La disposition spatiale des éléments de la frappe des timbres est située de part et d’autre de l’axe central de l’automate. De cette manière le mouvement de rotation de corps qui n’a, à cet endroit, qu’une très faible amplitude ne perturbe quasi pas le mouvement de levée du bras et donc du marteau.
La rigueur dans le pointage de ces cinq lignes de picots est donc aussi importante que celle nécessaire pour la musique. Au bout de chaque air, l’automate reprend toujours la même position de repos.
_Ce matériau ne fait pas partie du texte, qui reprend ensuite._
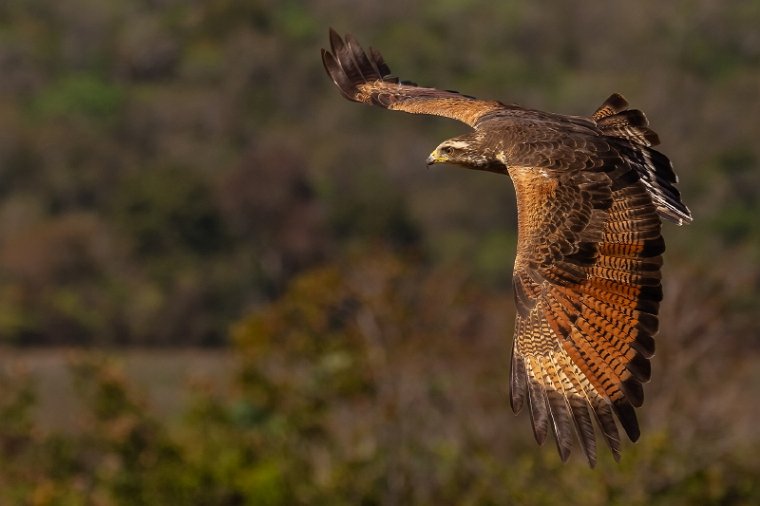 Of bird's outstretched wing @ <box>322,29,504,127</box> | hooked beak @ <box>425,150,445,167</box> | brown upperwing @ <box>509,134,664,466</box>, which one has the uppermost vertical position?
bird's outstretched wing @ <box>322,29,504,127</box>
Il est important de ne jamais déplacer manuellement l’automate de sa position neutre de repos. En effet les bons timbres ne seraient pas joués à bon escient mais surtout cela induirait un forçage inadéquat sur le mécanisme qui ne trouverait plus la liberté de mouvement qu’elle est sensée induire.
4 Aspect sonore du cartel
L’agrément du cartel passe immanquablement par une bonne balance de son entre les airs joués par le cartel et le jeu de timbres. La présence d’ouïes de part et d’autre de l’automate n’a pas dû s’avérer suffisante pour obtenir la qualité sonore voulue par l’artisan. Aussi, a-til eu recours à la construction d’une caisse de résonnance placée sous l’instrument. Celle-ci donne un excellent et surprenant résultat, à la hauteur de la difficulté mécanique qu’a exigé cette construction.
Brémond n’a pas la notoriété et l’aura que certains autres fabricants de boîtes à musique ont obtenus.
Il n’a pas non plus été à l’initiative de brevets particuliers mais a toujours réalisé des fabrications de bonne, voire de très bonne qualité quand le commanditaire l’exigeait. Le cartel décrit dans cet article montre toute l’étendue de ses capacités à créer et à innover. Il est d’ailleurs le dernier grand fabricant à avoir été en activité à Genève.